Anyway, what confuses me is how the seller was able to run the engine with no/little compression? Is that possible? If not, how could it lose compression just by sitting in my shed? Mantis has nothing to gain by telling me the engine is shot as thier repair price is $125 no matter what the repair is- so the less they have to do the more profitable they are. Something here does not make sense- any ideas?


----------



## pyro_maniac69 (Aug 12, 2007)

he either put oil in the cylinder to help it start, or the gas he had mixed was very rich to make up for the compression

and yes, you got boned, sorry to hear that, worse thing you can do is buy a 2-stroke motor without doing a compression test yourself


----------



## Docsab (May 6, 2009)

Well, not all is lost- I'll get a working Mantis with a guarantee for a total of$275- less than I would have paid for a new one.

I don't understand how some people can look you right in the eye as they rip you off- and still can sleep at night- I'll never understand that.

Live and learn. Good lesson this time. Thanks for the info!


----------



## 30yearTech (Sep 14, 2006)

It is possible that the piston ring may just have been stuck, and this can happen from just sitting up. Without taking a look into the cylinder and piston you will never know. Sometimes a little sea foam is all it takes to clear up a sticking ring.

Did the tech at the Mantis factory remove the muffler and inspect the piston and cylinder for any damage? or did they simply run a compression test and declare the engine shot!


----------



## Docsab (May 6, 2009)

That is a good question 30yT, unfortunately I am getting my info from my wife who took their call while I was at work, and she said the tech stated the engine was "irrepairable". I would believe the factory shop might be a little more thorough in their evaluation than just running the compression test, especially in view of the fact that they would be less profitable in replacing the engine vs cleaning a stuck ring(as I mentioned the repair fee is preset regardless of the work). However, I will be sure to ask them specifically when I pick up the tiller in a few days. To be honest, I wish I had spent more time working on it myself- I am not very knowledgable about 2 cycle engines but I could have learned more reading this forum and tried to troubleshoot it better but I panicked cause I needed to get my garden tilled and planted and didn't have the time to mess with it. It still surprises me that the tiller could have been started and ran smoothly at idle with little compression because of oil in the cylinder or a rich mix!


----------



## geogrubb (Jul 28, 2006)

When you pick up the tiller ask if you can have the old engine to use for for practice to learn to fix 2-cycle engines or whatever, if they say yes, you can find out the original problem, if not you know they didn't bother to check the motor and just offered the new engine, I have been told on several ocassions that Mantis is very good at taking care of their customers and would probably have given you a new tiller if you had been the original owner. Have a good one. Geo


----------



## Docsab (May 6, 2009)

Thanks Geo- good idea. In working with them, I got the feeling that if the problem was minor- they would have fixed it no charge whether it was under warranty or not. I also believe I am paying for this repair solely because I am not the original owner and was not in their database. I noticed that before anyone there answered any of my questions about pricing and repairs, they always checked that database first for my name!


----------



## walker1 (Apr 27, 2009)

Docsab said:


> Well, not all is lost- I'll get a working Mantis with a guarantee for a total of$275- less than I would have paid for a new one.
> 
> I don't understand how some people can look you right in the eye as they rip you off- and still can sleep at night- I'll never understand that.
> 
> Live and learn. Good lesson this time. Thanks for the info!

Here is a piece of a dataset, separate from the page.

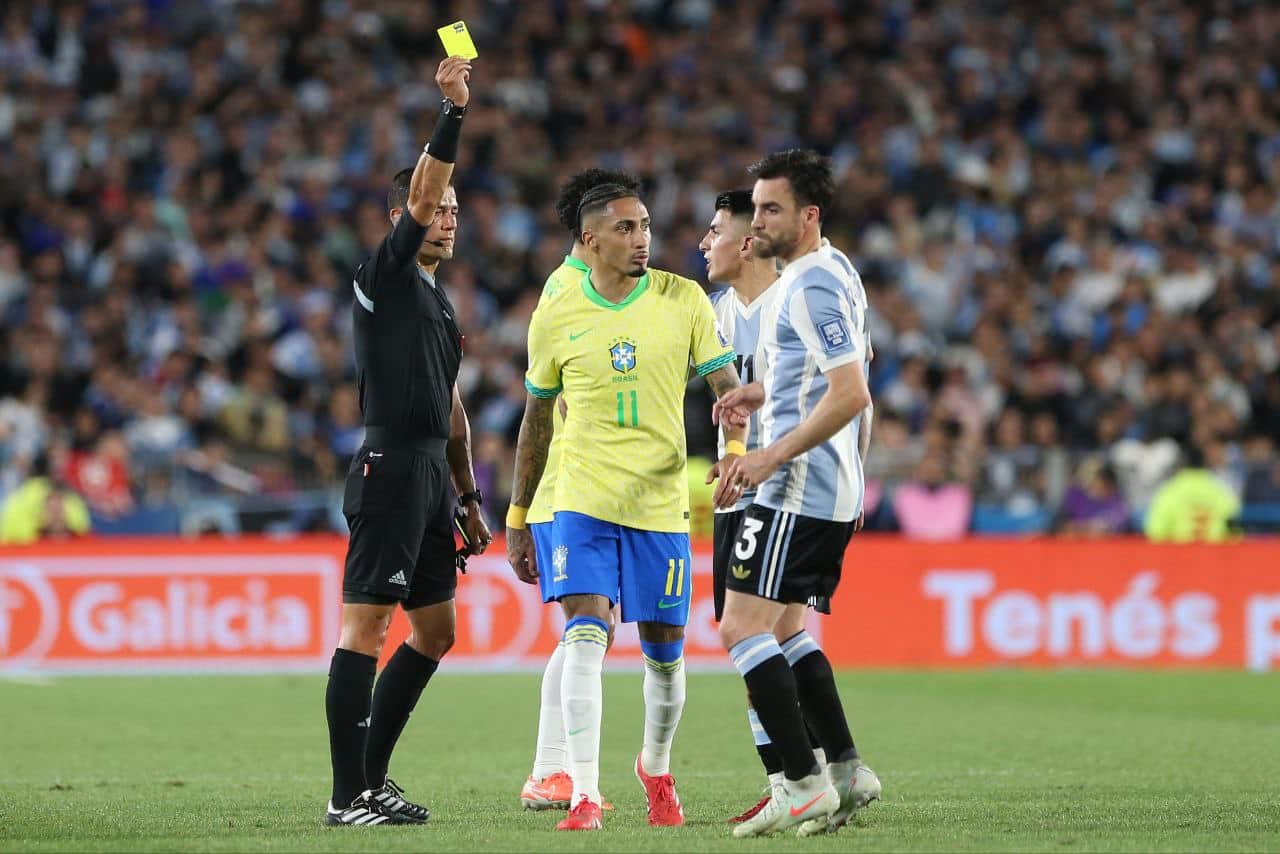 الأرجنتين ضد البرازيل - رافينيا - المصدر : Getty images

My exact thoughts! Every time I hear anything about craig's list it's BAD. I wouldn't go to that site. I also won't buy from Ebay unless the item is NEW. Then I pay the person through Paypal. I have not gotten burned yet. Just lucky so far.

The US wouldn't be in a severe recession if it weren't for WEALTHY/GREEDY humans. They have screwed me up big time! No raise this year and the matching 401K got cut in 1/2. You and I share the same thoughts about how these low lifes live with themselves. Hope things work out for you.


----------



## pyro_maniac69 (Aug 12, 2007)

Docsab said:


> Thanks Geo- good idea. In working with them, I got the feeling that if the problem was minor- they would have fixed it no charge whether it was under warranty or not. I also believe I am paying for this repair solely because I am not the original owner and was not in their database. I noticed that before anyone there answered any of my questions about pricing and repairs, they always checked that database first for my name!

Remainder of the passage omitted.